[Opening Entries shown section]
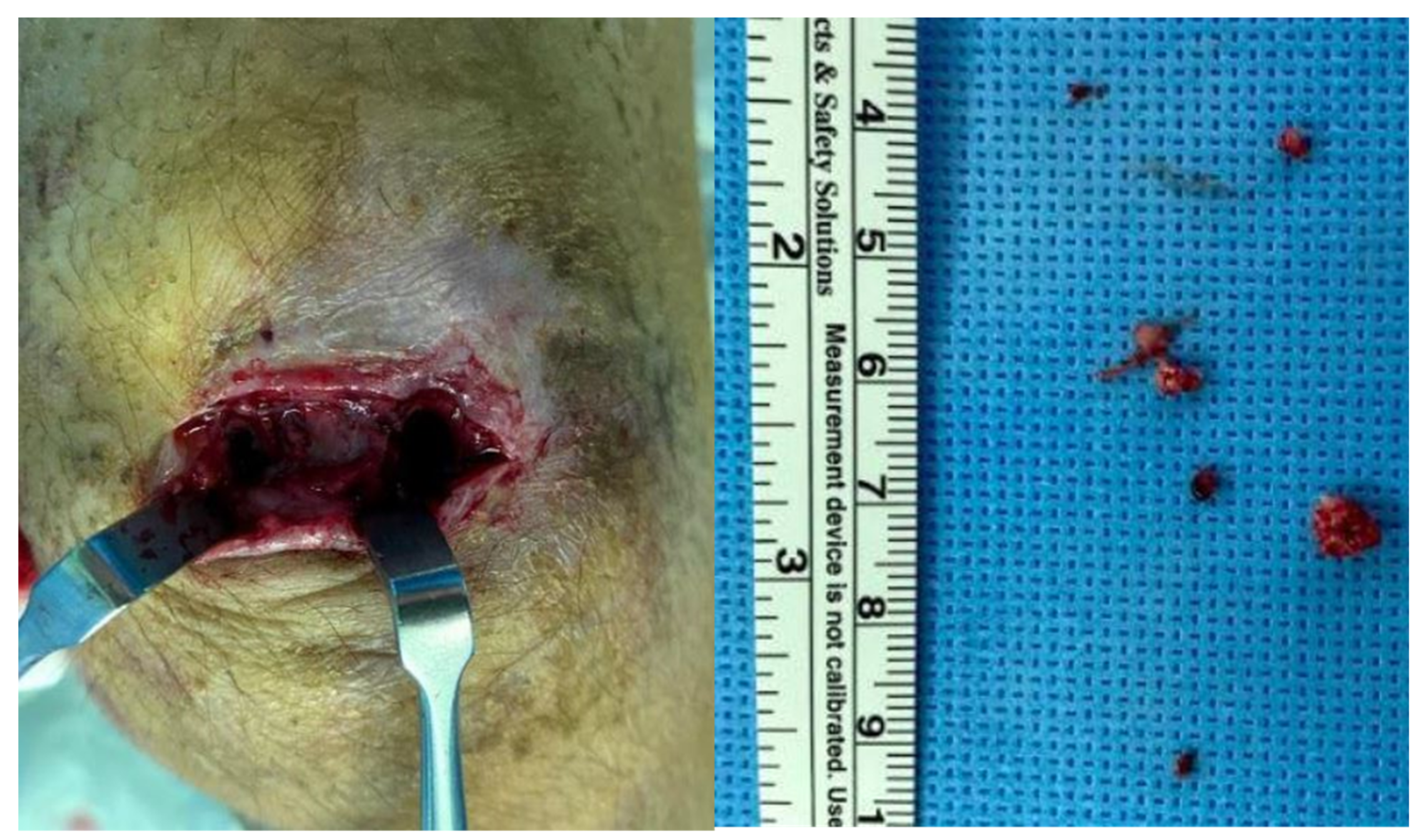 Children 09 00076 g007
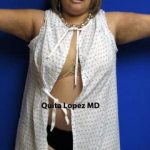 VASER Liposuction Before & After Patient #7208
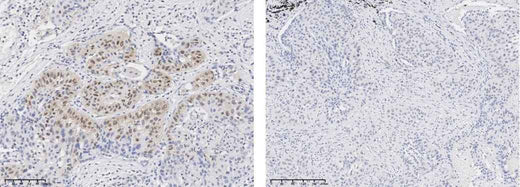 Anti-Human AKT1 Antibody [A1196] - ABMIUM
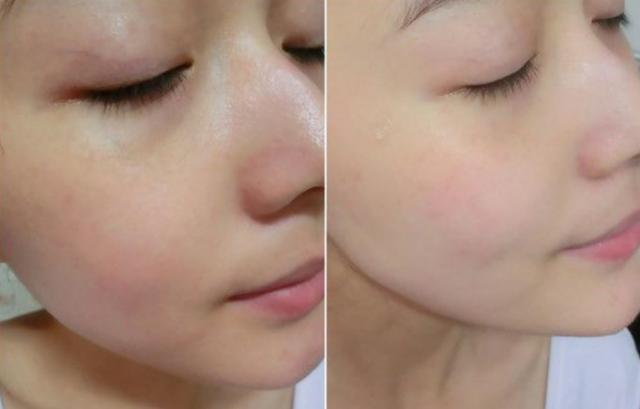 如何解決臉上出油太多的問題，解決臉部出油過多的方法技巧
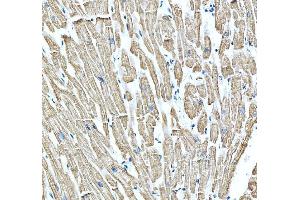 IHC analysis of MYH3 using anti-MYH3 antibody (ABIN7601735).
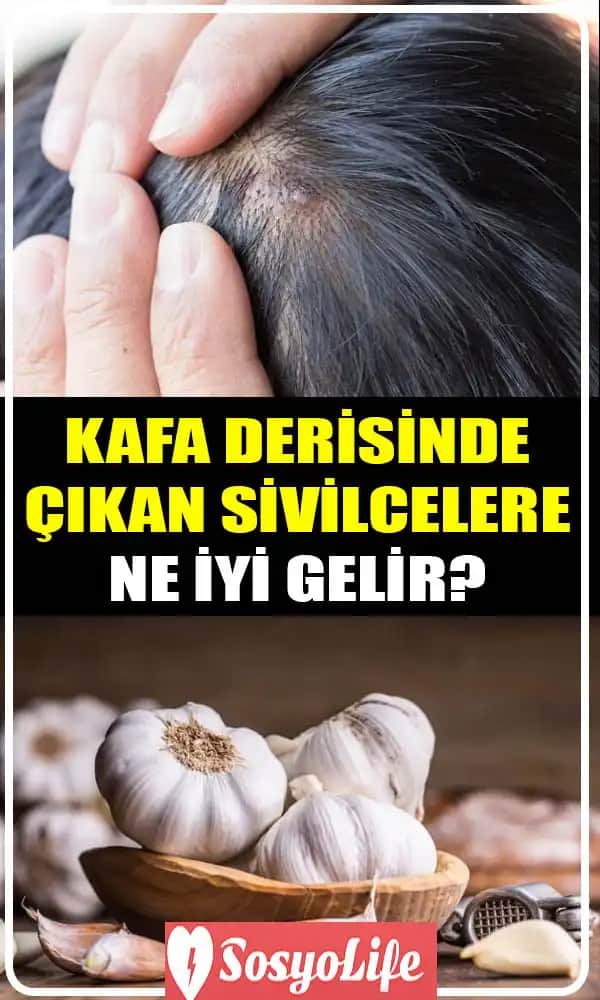Kafa Yaralarına Ne İyi Gelir Güvenli ve Etkili Yöntemler Hakkında Kapsamlı Bilgiler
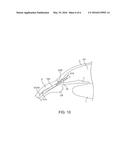 DELIVERY SYSTEM FOR OCULAR IMPLANT diagram and image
[Closing Entries shown section]
Task statement: With the pictures omitted, the entries are to be transcribed in full, exactly as they appear.

Exercise result:
 Children 09 00076 g007
 VASER Liposuction Before & After Patient #7208
 Anti-Human AKT1 Antibody [A1196] - ABMIUM
 如何解決臉上出油太多的問題，解決臉部出油過多的方法技巧
 IHC analysis of MYH3 using anti-MYH3 antibody (ABIN7601735).
Kafa Yaralarına Ne İyi Gelir Güvenli ve Etkili Yöntemler Hakkında Kapsamlı Bilgiler
 DELIVERY SYSTEM FOR OCULAR IMPLANT diagram and image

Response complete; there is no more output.